Cucina

La sfida di un giovane chef luganese: «Ho lavorato con i grandi, ora apro in centro a Milano»

Riccardo Quadri, allievo di Carlo Cracco e Bernard Fournier, apre il suo Quadri Bistrot: «Per crescere bisogna avere il coraggio di mettersi in gioco»
Mattia Sacchi
18.10.2023 10:45

Mai puntare contro un asso di... Quadri: «Nessuno avrebbe mai scommesso che avrei fatto carriera in cucina. Eppure sono ancora qua...». E con orgoglio che Riccardo Quadri racconta il suo primo anno da chef patron del Quadri Bistrot, nel cuore di Milano. Un'avventura, quella del trentenne luganese, cominciata proprio un anno fa, il 17 ottobre 2022: «È stato un passo complicato. Mettersi così in gioco a questa età, in una città competitiva come Milano e con la responsabilità di dover garantire lo stipendio ai miei collaboratori, non era affatto scontato: ma dentro di me sentivo che per crescere avrei dovuto raccogliere questa sfida».

Una sfida a cui Quadri non si è fatto trovare impreparato: prima di aprire il suo ristorante ha infatti imparato dai più grandi. «Ho cominciato i miei studi all'Alma di Gualtiero Marchesi, per poi approdare nelle cucine di Villa Principe Leopoldo di Dario Ranza e della Candida di Bernard Fournier. Due maestri che mi hanno insegnato tecniche ed etica del lavoro. Successivamente sono andato a Milano da Carlo Cracco: anche lui aveva scommesso che non sarei durato 2 settimane e invece sono rimasto 5 anni, intervallati da un periodo con Yannick Alléno, aprendo anche il suo ristorante a Portofino. Un periodo significativo, dove ho capito quale sarebbe dovuta essere la mia direzione». 

Ed è proprio per questo che, appena è arrivata l'occasione giusta, lo chef luganese l'ha colta: «Ho avuto la possibilità di rilevare il ristorante di Via Solferino di Andrea Berton: per quanto sia un luogo simbolico dell'alta ristorazione milanese volevo però che riflettesse la mia identità. Per 6 mesi mi sono messo al lavoro per ristrutturarlo e sentirlo mio, senza nessuno studio architettonico o di interior design». Non a caso c'è molto Ticino, non solo nel menù: «Sono onorato di ospitare molte opere di Klaus Prior, grande artista tedesco che vive da 50 anni nel nostro cantone. Poi è ovvio che nei piatti si trovano molti dei miei ricordi e delle mie origini, che ho cercato di declinare al mio concetto di ristorazione, che vuole essere dinamica e giovane, pur mantenendo una certa raffinatezza».

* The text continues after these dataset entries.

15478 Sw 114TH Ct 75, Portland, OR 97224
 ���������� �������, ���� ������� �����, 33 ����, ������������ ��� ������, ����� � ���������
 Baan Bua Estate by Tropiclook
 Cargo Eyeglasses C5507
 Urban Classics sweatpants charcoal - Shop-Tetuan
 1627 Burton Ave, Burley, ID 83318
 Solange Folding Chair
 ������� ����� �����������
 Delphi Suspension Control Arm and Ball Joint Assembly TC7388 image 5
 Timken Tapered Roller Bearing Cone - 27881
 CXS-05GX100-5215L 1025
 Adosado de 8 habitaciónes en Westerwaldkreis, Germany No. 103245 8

Proprio trovare la giusta identità in cucina è fondamentale per incontrare i gusti della clientela: «Se c'è una cosa che ho imparato è che, per quanto voglia proporre la mia filosofia, bisogna mettere il cliente al primo posto. Non cuciniamo per noi stessi ma per loro: per questo dobbiamo essere bravi a coinvolgerli in ogni aspetto dell'esperienza che possono vivere nel nostro bistrot, che sia fare il nostro percorso degustazione o godersi un aperitivo informale con gli amici».

Un'esperienza che sembra aver convinto la difficile clientela milanese: «Sono contento di vedere che le persone che ci scoprono poi tornano. Piano piano si cresce e questo mi permette di guardare con più sicurezza al futuro. Ma la cosa che mi dà più soddisfazione è vedere che la squadra che ho scelto per collaborare con me è unita e ha voglia di fare bene: spero di riuscire a trasmettere ai giovani quella passione e quella dedizione al lavoro che i grandi chef hanno trasmesso in me».